== Segment start ==
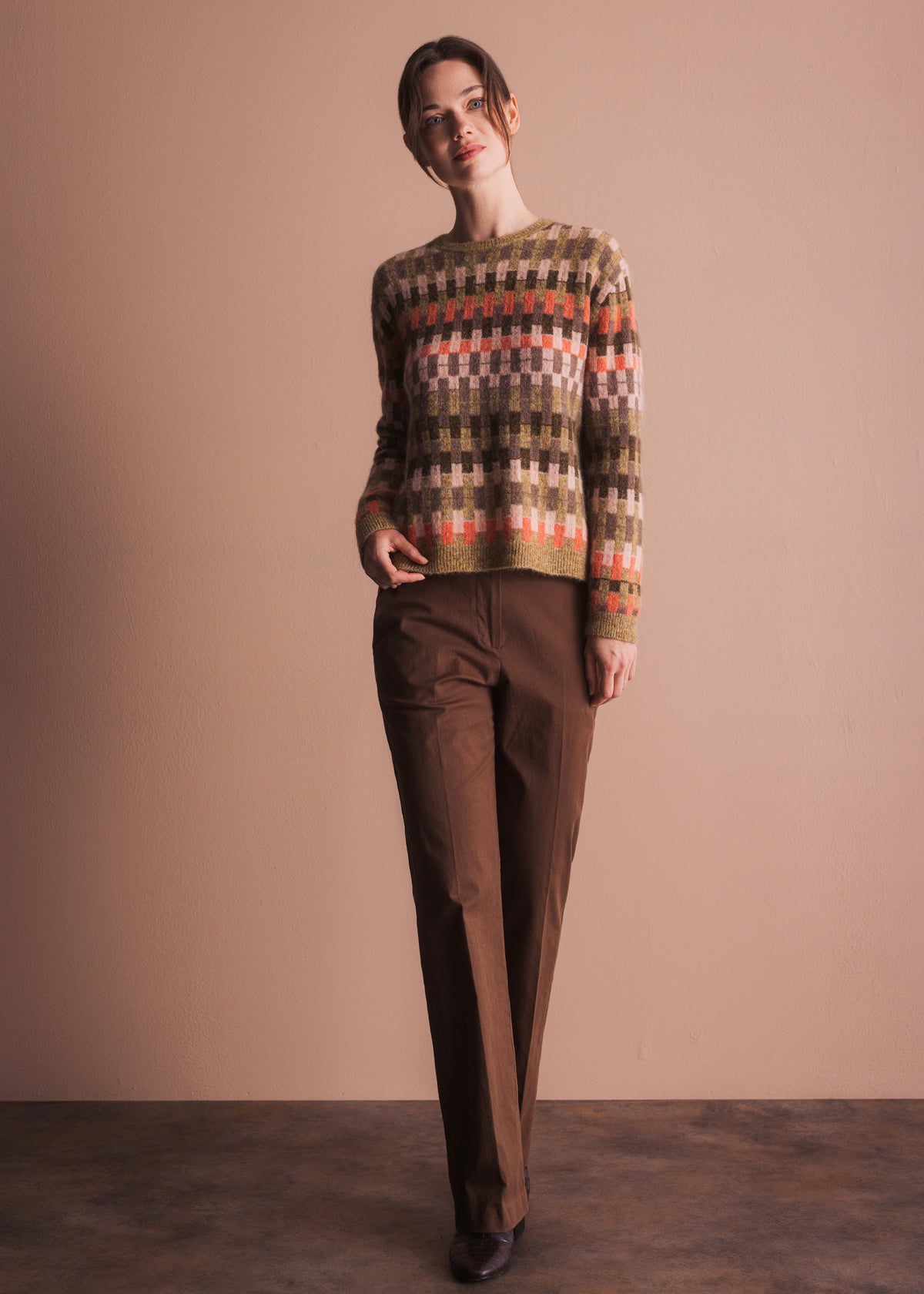 Pullover mit grafischem Strickmuster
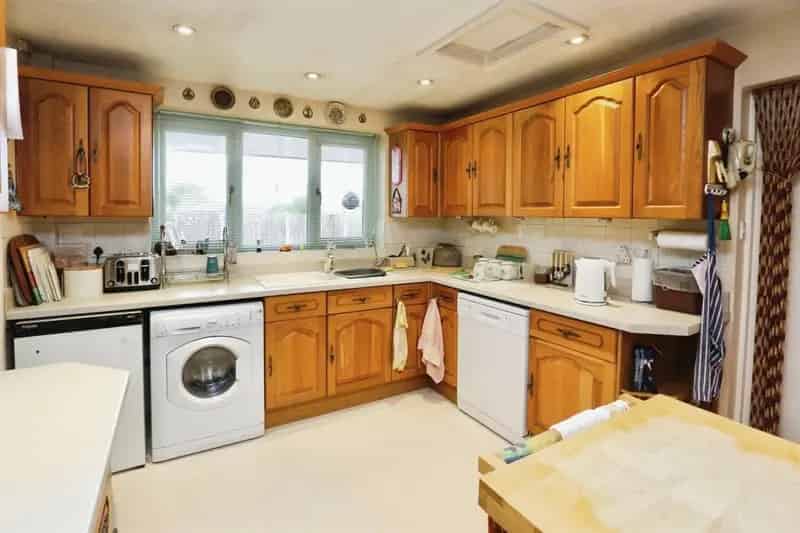 5 Bed Family Home with Conservatory and Double Garage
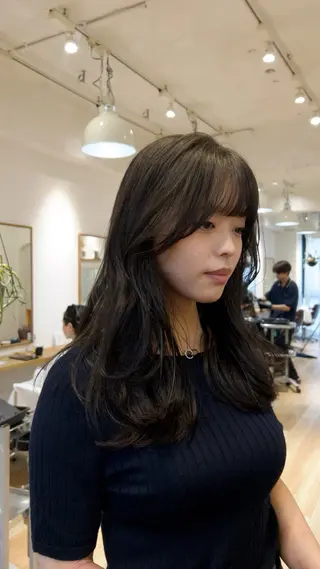 セミロング カラー じゅわっと暖色カラー 🍊Moemiのヘアスタイル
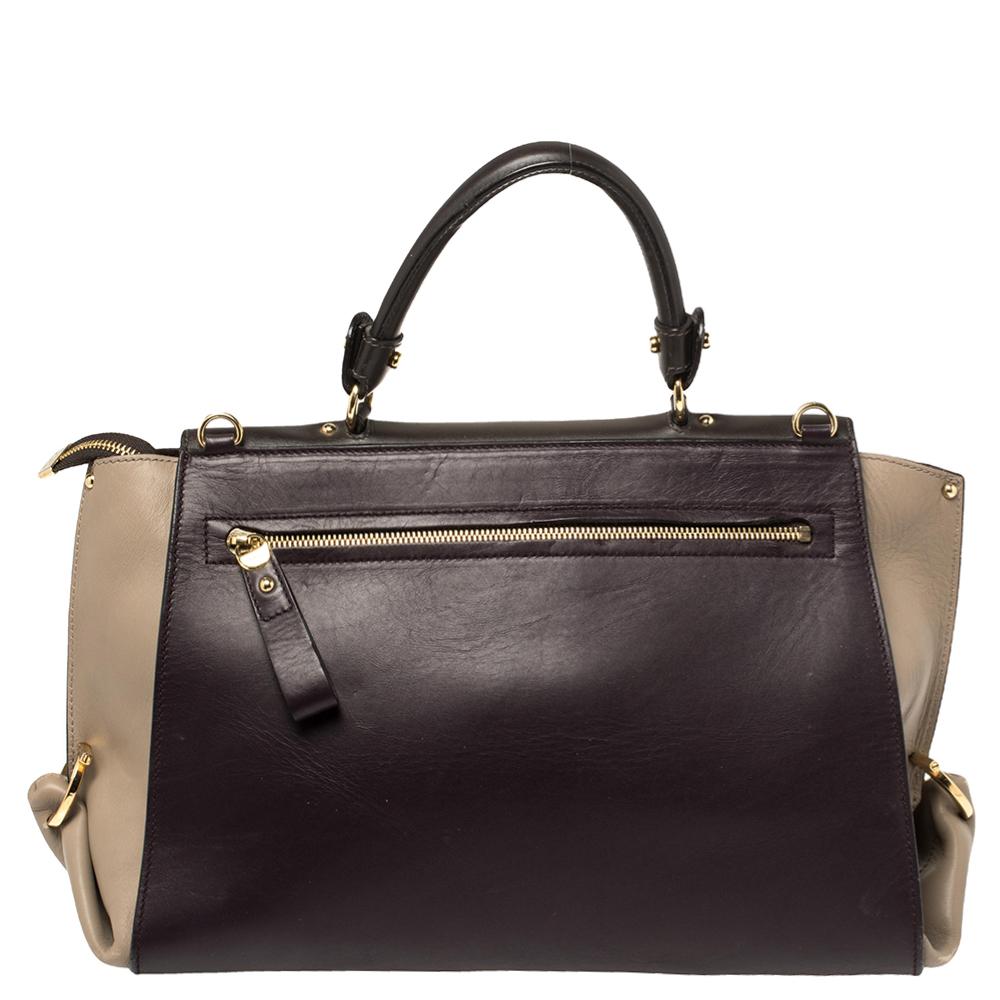 Tragen Sie diese wunderschöne Kreation von Salvatore Ferragamo, wohin Sie auch gehen, und lassen Sie die Leute ihre schicke Ausstrahlung bewundern. Diese sorgfältig aus Leder gefertigte Sofia-Tasche ist mit der charakteristischen Ganchini-Schnalle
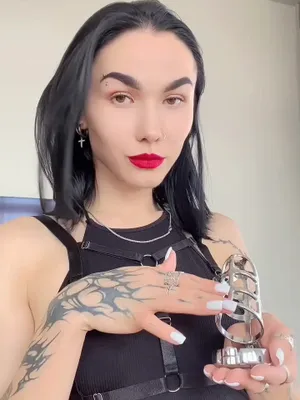 #Brunette #Tatouage #Fétichisme #Onlyfans #Modèle #Maîtresse #Vertical Porn #Mary Maîtresse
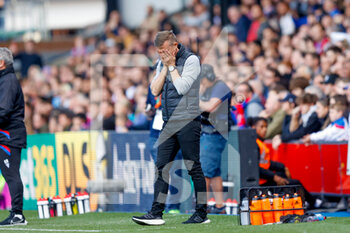 2022-10-09 - Leeds United Manager Jesse Marsch reacts during the English championship Premier League football match between Crystal Palace and Leeds United on October 9, 2022 at Selhurst Park in London, England - FOOTBALL - ENGLISH CHAMP - CRYSTAL PALACE V LEEDS - ENGLISH PREMIER LEAGUE - SOCCER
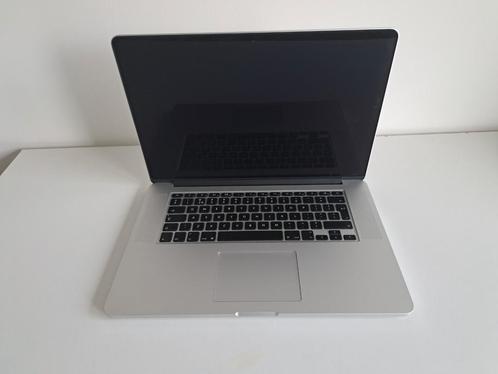 MacBook pro silver (mid 2015) 15 inch, 16 GB, 256 GB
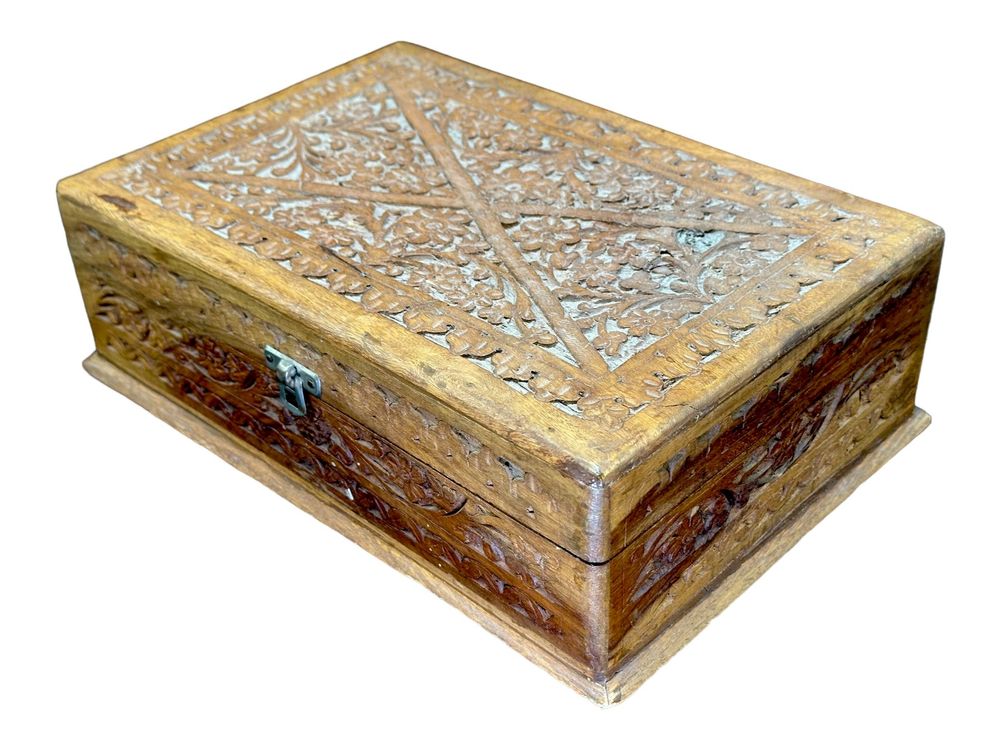 BOÎTE À BIJOUX en bois sculpté - design floral EUR 19,00 - FR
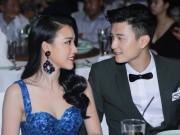 Giải trí - Bất ngờ chưa, dù thừa nhận chia tay Hoàng Oanh - Huỳnh Anh vẫn tình tứ khi gặp mặt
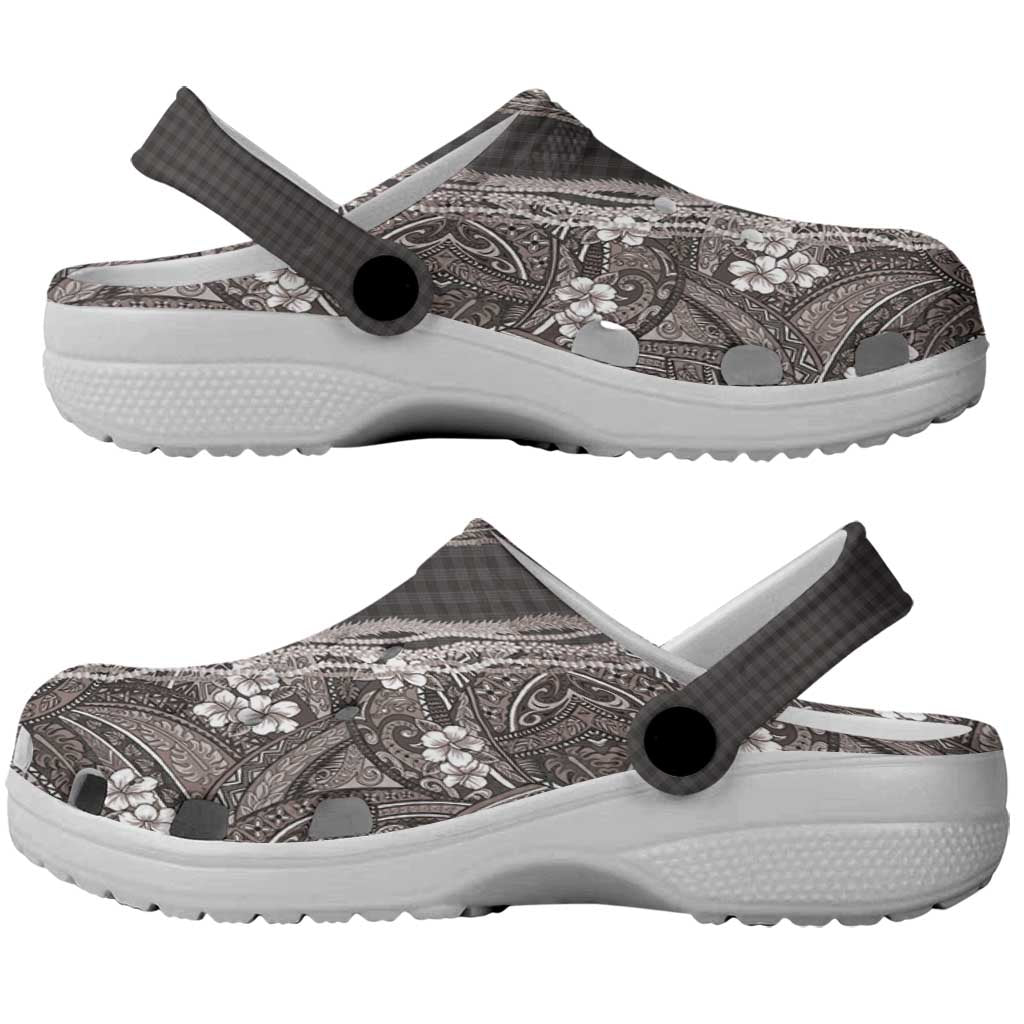 Hawaiian Art Flower Tribal with Lei Clogs Shoes Palaka Pattern Grayscale LT03 - Polynesian Pride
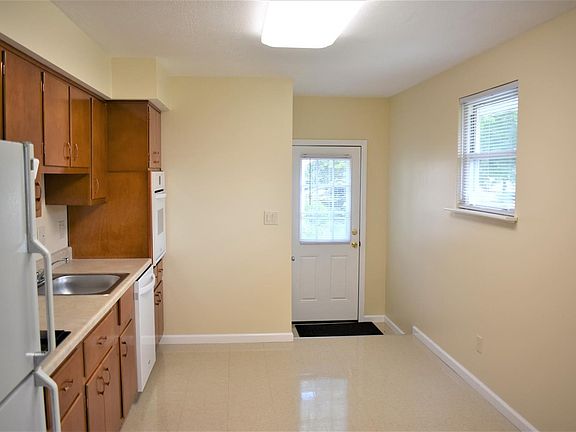 4th image of 730 Mohican Dr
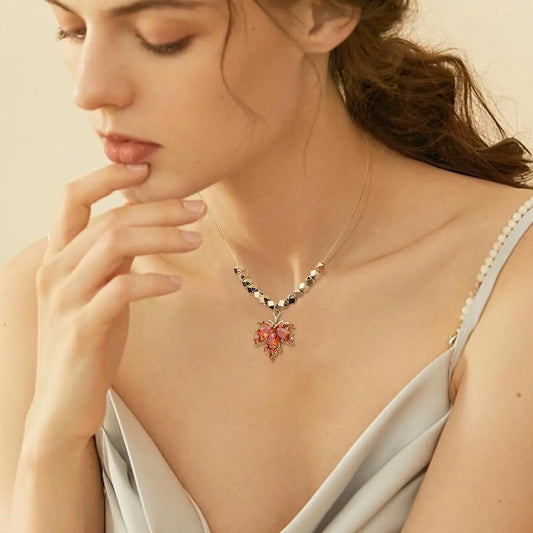 Collier fin feuille d'érable strass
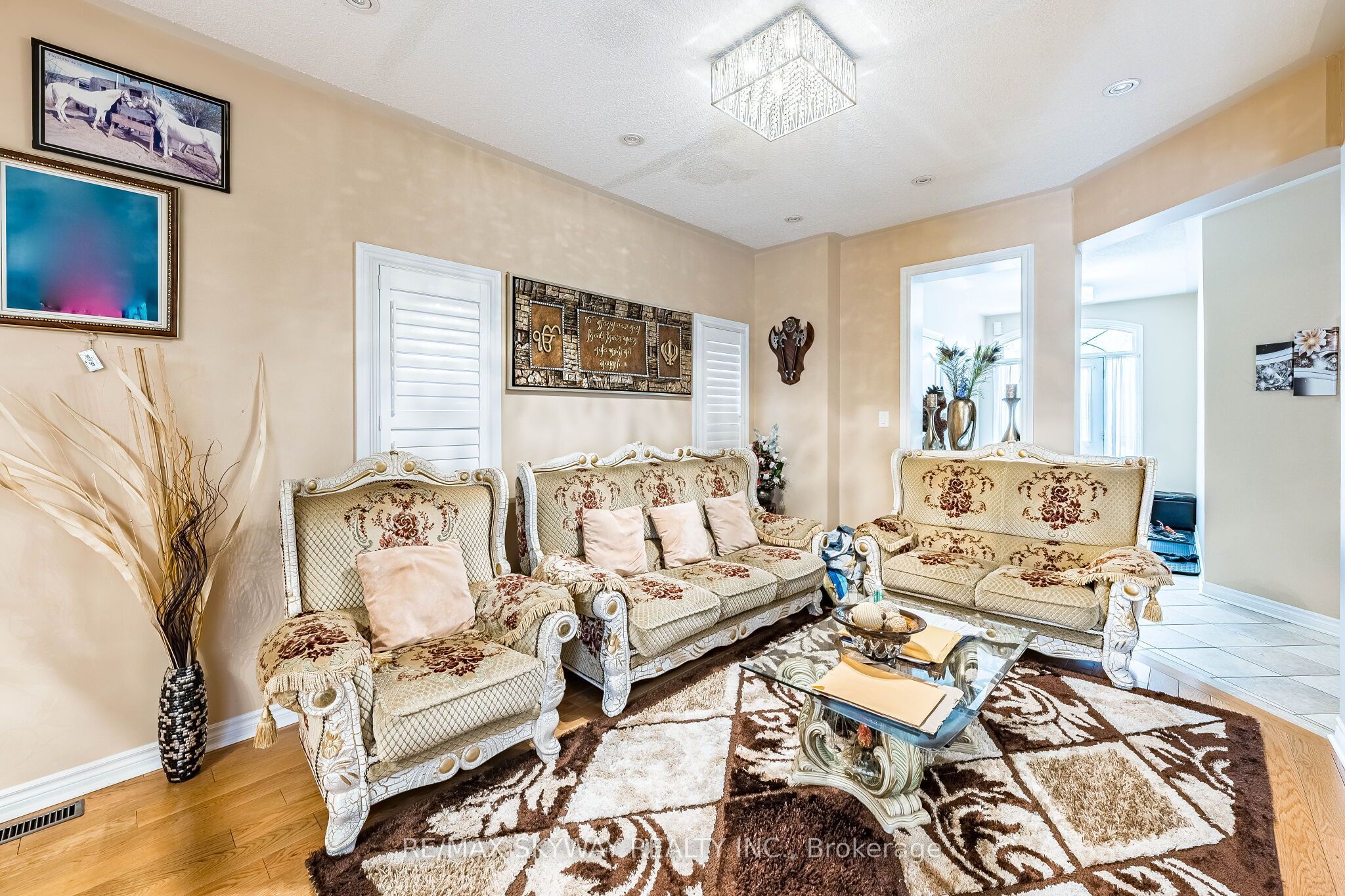 18 Long Meadow Road Property Photo 8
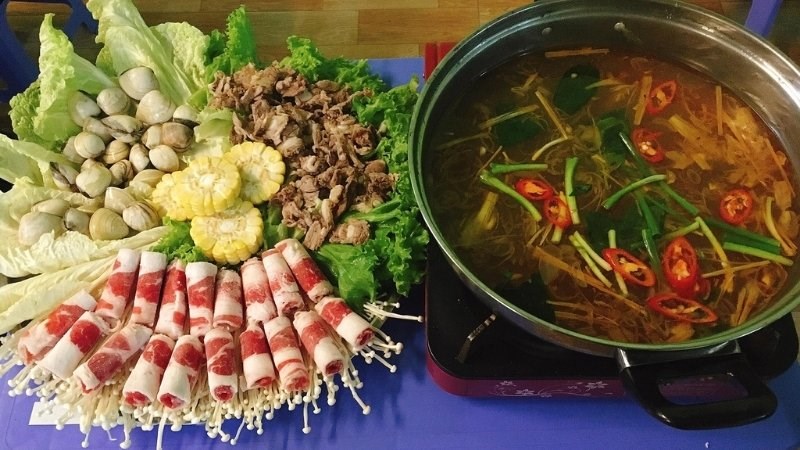 Món ăn tại quán Ốc Phúng Phính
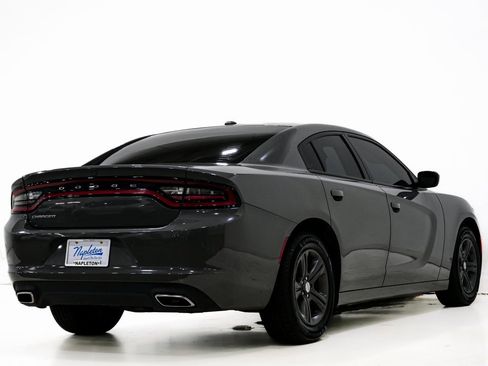 Used 2019 Dodge Charger SXT image 7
== Segment end ==
Instructions to follow. Write out the material exactly, excluding pictures.

Written solution.
 Pullover mit grafischem Strickmuster
 5 Bed Family Home with Conservatory and Double Garage
 セミロング カラー じゅわっと暖色カラー 🍊Moemiのヘアスタイル
 Tragen Sie diese wunderschöne Kreation von Salvatore Ferragamo, wohin Sie auch gehen, und lassen Sie die Leute ihre schicke Ausstrahlung bewundern. Diese sorgfältig aus Leder gefertigte Sofia-Tasche ist mit der charakteristischen Ganchini-Schnalle
 #Brunette #Tatouage #Fétichisme #Onlyfans #Modèle #Maîtresse #Vertical Porn #Mary Maîtresse
 2022-10-09 - Leeds United Manager Jesse Marsch reacts during the English championship Premier League football match between Crystal Palace and Leeds United on October 9, 2022 at Selhurst Park in London, England - FOOTBALL - ENGLISH CHAMP - CRYSTAL PALACE V LEEDS - ENGLISH PREMIER LEAGUE - SOCCER
 MacBook pro silver (mid 2015) 15 inch, 16 GB, 256 GB
 BOÎTE À BIJOUX en bois sculpté - design floral EUR 19,00 - FR
 Giải trí - Bất ngờ chưa, dù thừa nhận chia tay Hoàng Oanh - Huỳnh Anh vẫn tình tứ khi gặp mặt
 Hawaiian Art Flower Tribal with Lei Clogs Shoes Palaka Pattern Grayscale LT03 - Polynesian Pride
 4th image of 730 Mohican Dr
 Collier fin feuille d'érable strass
 18 Long Meadow Road Property Photo 8
 Món ăn tại quán Ốc Phúng Phính
 Used 2019 Dodge Charger SXT image 7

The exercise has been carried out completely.